From equipment failure and personal injuries to tornadoes and tropical storms, disasters happen, and any condominium association worth its salt knows that it needs to be prepared for a rainy day. Actually, even the most disreputable association worth zero salt is aware of this. And a great chunk of said preparation consists of insurance.
But with a vast array of coverage plans available at an equally expansive array of costs, how can a board decide what its community absolutely needs, what could be useful but isn’t a must-have, and what is entirely superfluous? Florida is famous for hurricanes, but earthquakes seem unlikely. California has the opposite problem. So some decisions are no-brainers. Others can keep a responsible board member up all night. Fortunately, there are kindly experts and thorough resources about that can help alleviate a board’s insurance-based woes.
There are certain types of basic coverage that are more or less mandatory for a condominium association to obtain. Not because of any statute, necessarily, but because to do without would be entirely reckless, and open a board up to all types of strife down the line. The main two, according to Adam S. Collins, CIC, CIRMS, of Ian H. Graham Insurance—a major national firm with offices throughout the U.S., Canada and in Europe—are directors & officers insurance and general liability insurance.

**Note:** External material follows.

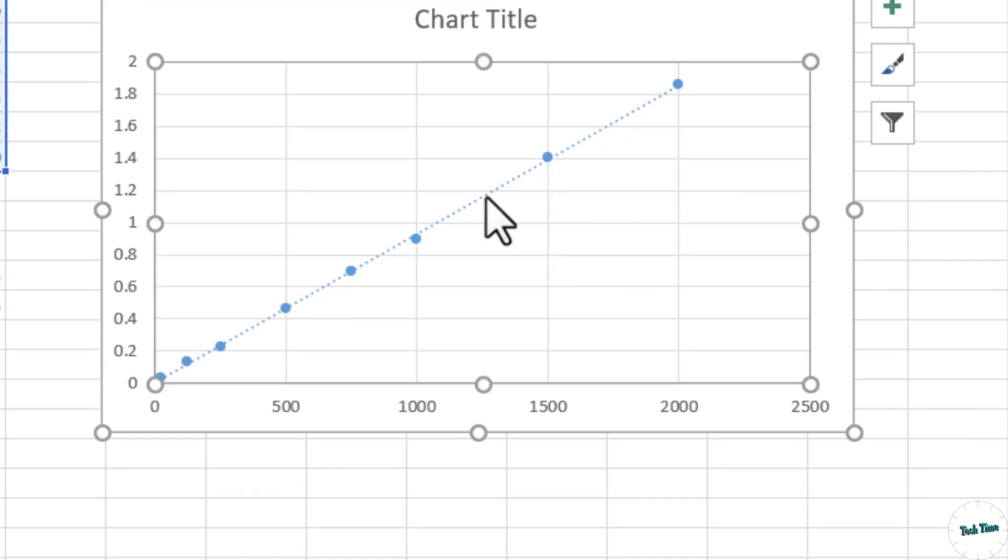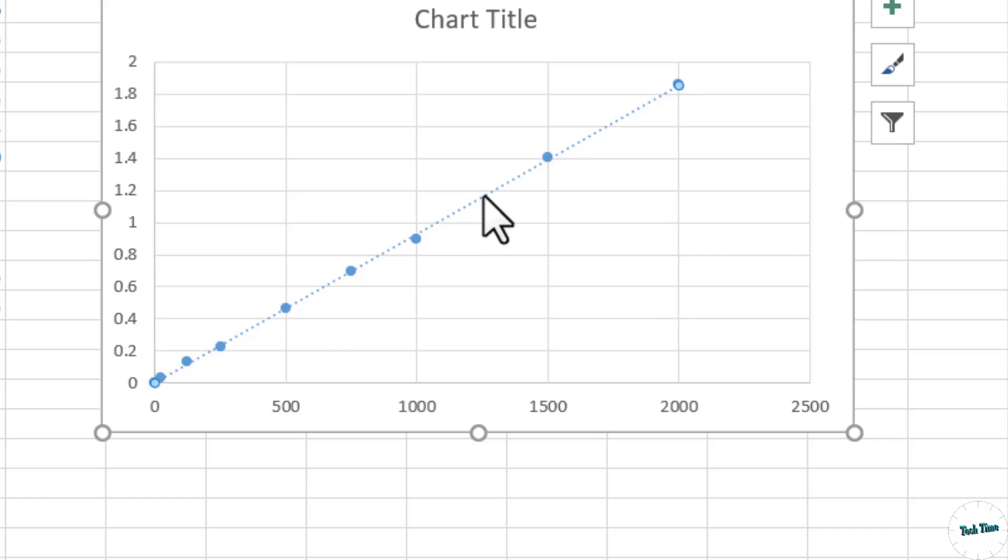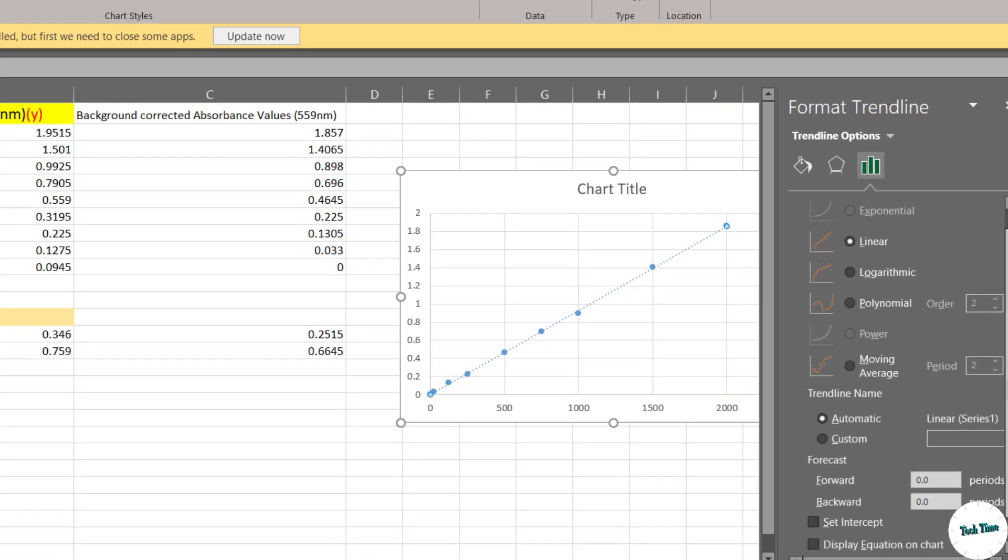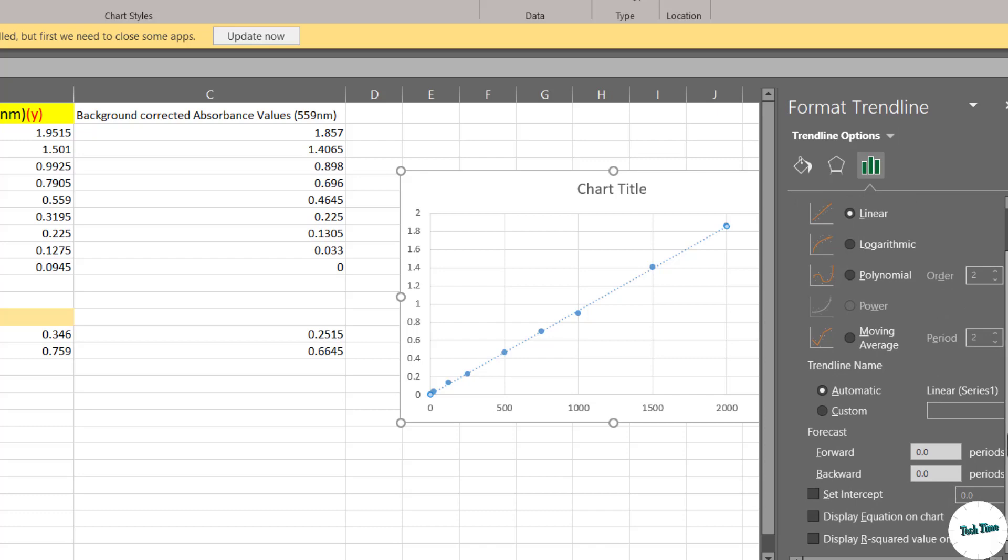Next, you can double click on this trendline and we have format trendline option opened. Scroll down and right at the bottom you can see we have some options like set intercept, display equation on chart and display R squared value on chart.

“Directors & officers insurance is typically required in an association’s governing documents, but, if it isn’t, and the board members don’t have a policy in place to protect themselves, then they can be held personally liable regarding certain decisions,” says Collins. This coverage basically keeps the board safe from unsubstantiated claims of wrongdoing by residents for its day-to-day decisions; i.e. anything from what landscaper to hire to which ailing part of the property to fix first.
General liability insurance is often referred to as “slip-and-fall” by those in the know, as it covers an association should anyone get injured while on the premises. This type of insurance can also be a godsend should anyone attempt a fraudulent injury suit, saving a board from all sorts of legal and financial headaches.